Le Basic dont vous héritez en achetant un ordinateur AMSTRAD est, ainsi que ceux de l'ensemble des micro-ordinateurs personnels, un langage interprété. En résumant quelque peu, cela signifie que les instructions constituant un programme sont traduites en langage machine à chaque fois qu'elles sont exécutées. Cette procédure a comme inconvénient majeur un ralentissement de la vitesse d'exécution des programmes écrits en Basic, la traduction se faisant à chaque exécution d'une instruction.
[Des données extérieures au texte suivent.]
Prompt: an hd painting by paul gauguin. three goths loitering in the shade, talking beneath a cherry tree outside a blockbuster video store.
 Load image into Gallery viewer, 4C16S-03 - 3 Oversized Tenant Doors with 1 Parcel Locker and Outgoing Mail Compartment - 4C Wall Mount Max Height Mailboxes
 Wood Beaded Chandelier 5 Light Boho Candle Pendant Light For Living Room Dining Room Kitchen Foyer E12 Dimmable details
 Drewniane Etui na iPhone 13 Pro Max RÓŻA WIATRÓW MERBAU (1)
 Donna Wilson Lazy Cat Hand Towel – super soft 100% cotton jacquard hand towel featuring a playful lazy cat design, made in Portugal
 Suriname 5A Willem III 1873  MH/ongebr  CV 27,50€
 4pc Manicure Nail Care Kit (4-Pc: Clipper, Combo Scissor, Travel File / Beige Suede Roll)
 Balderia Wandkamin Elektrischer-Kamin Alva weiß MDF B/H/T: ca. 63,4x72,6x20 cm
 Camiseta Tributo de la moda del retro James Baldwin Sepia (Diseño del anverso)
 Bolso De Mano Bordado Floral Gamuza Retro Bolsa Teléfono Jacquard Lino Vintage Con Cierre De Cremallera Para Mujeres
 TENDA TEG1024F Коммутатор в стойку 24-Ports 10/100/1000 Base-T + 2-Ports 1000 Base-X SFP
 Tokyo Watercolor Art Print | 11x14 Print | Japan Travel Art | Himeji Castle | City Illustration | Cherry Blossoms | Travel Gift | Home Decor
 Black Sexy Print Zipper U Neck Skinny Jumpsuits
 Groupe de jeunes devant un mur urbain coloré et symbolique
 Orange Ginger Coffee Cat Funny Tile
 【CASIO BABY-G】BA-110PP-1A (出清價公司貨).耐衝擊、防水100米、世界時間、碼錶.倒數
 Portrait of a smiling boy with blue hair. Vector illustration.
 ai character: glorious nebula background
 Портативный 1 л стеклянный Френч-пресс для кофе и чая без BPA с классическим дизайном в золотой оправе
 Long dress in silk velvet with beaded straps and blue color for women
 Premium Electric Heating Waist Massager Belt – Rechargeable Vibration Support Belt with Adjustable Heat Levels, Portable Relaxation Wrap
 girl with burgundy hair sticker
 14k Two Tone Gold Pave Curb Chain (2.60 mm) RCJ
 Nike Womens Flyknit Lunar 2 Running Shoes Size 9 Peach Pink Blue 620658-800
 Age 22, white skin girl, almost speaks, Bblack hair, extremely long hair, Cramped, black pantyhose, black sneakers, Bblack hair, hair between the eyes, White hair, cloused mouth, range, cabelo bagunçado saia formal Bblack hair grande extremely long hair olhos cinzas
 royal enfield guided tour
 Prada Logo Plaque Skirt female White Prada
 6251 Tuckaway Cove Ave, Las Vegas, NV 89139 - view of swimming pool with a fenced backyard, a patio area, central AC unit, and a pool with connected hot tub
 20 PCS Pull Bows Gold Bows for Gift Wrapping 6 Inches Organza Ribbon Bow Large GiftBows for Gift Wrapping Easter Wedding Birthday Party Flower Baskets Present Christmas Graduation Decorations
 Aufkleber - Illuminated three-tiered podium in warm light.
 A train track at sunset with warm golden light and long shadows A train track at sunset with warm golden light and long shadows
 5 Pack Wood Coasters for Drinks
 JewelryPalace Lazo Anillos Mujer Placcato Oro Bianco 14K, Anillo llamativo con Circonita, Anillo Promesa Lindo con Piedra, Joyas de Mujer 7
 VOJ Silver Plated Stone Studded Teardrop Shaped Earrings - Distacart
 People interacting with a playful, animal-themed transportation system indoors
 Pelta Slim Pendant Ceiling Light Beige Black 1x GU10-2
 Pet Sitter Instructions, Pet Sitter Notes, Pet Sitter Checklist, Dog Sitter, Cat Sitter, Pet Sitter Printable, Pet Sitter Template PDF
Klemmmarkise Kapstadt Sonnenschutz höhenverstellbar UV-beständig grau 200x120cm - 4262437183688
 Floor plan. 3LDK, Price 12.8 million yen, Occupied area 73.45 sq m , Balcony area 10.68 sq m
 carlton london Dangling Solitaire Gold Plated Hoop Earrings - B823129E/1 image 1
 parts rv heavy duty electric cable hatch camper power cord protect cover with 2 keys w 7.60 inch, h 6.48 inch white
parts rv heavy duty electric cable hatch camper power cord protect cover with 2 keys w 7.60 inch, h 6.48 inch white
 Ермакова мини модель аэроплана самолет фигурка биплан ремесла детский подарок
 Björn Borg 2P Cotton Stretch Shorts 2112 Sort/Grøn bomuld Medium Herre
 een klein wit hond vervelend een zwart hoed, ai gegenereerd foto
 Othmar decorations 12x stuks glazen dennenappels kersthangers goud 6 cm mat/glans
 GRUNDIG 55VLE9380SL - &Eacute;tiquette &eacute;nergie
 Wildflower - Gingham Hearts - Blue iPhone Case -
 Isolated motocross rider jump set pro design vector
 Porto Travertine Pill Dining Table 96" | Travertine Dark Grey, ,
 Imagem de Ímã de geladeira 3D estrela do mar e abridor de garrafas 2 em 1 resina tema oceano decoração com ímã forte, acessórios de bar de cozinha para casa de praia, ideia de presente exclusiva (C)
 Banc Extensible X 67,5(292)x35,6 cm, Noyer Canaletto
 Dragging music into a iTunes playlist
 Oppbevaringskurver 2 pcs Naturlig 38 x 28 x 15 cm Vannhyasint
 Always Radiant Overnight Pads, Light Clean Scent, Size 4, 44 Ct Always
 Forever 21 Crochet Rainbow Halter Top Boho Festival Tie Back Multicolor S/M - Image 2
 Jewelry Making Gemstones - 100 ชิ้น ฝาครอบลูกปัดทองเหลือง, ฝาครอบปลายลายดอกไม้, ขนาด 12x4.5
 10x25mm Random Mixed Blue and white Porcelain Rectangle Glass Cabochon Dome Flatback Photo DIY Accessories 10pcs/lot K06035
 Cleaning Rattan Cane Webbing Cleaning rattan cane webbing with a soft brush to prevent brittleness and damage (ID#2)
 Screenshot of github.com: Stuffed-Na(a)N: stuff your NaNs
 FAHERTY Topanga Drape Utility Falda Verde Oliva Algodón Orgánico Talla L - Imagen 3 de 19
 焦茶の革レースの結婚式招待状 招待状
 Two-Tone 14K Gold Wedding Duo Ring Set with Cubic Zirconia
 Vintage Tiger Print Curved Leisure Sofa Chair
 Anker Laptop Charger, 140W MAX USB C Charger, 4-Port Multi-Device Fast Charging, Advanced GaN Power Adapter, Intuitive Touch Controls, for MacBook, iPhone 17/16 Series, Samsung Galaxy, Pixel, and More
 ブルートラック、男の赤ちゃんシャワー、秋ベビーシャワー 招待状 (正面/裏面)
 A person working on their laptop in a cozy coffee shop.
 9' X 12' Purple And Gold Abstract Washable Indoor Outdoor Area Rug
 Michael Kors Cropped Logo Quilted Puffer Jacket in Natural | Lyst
Bien que l'interpréteur Basic des AMSTRAD CPC soit particulièrement rapide, il souffre, bien qu'à un degré moindre, des mêmes inconvénients que les autres interpréteurs dans la mesure où le fait d'effectuer à chaque fois la traduction des instructions se traduit par une perte de temps d'exécution.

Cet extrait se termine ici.